17 June 2020 Blog Post: COVID-19 Update
After a brief hiatus, I have returned to watching news coverage of coronavirus. It seems that the current debate appears to be hung up on the idea of what COVID-19 metric matters. In other words, which is more important – cases, hospitalizations, ICU admissions? There seems to be some general agreement that deaths matter.
This debate reminds me of the decades long back-and-forth about blood pressure. Was it the systolic (top number) or diastolic (bottom number) that better predicted heart attacks, stroke and mortality? This debate went on and on. To the general public the answer will come as no great surprise – both matter.

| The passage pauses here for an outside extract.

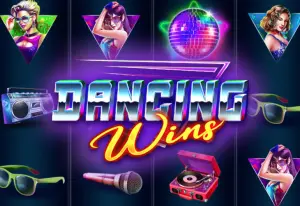 Dancing Wins by RTG Slots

So I think Medicine and Epidemiology have a decent track record of tying themselves into knots over the ‘answer’ when more than one thing can be true.
I started looking a bit more closely at case and mortality rates in Santa Monica in comparison to Los Angeles County as a whole. Los Angeles County has contributed by far and away the most cases and deaths to California’s total: 73,018 cases and 2,907 deaths. Santa Monica has had 340 cases and 22 deaths to date.
I am in the process of reading Hans Roslin’s book “Factfulness” (well worth the read) and in it he gives lots of great advice about numbers and our tendency to generalize. In it he says “single numbers on their own are misleading and should make you suspicious. Always look for comparisons. Ideally divide by something.” And, further, “look for differences within groups, look for similarities across groups and do not assume that what applies for one group applies for another.”
Readers should be familiar now with my graphs of case rates which are presented as a daily number (i.e. number of cases per day) expressed as a function of 100,000 population. This daily rate is an average, smoothed over the prior 7 days to account for delays in reporting (and that fewer cases are identified over weekends, for example). So looking at Figure 1 we see that Santa Monica consistently has had fewer cases adjusted for population, and for the week ending 6/12/2020 we have about 1/3 as many as Los Angeles County as a whole: 3.97 daily cases versus 11.52 daily cases.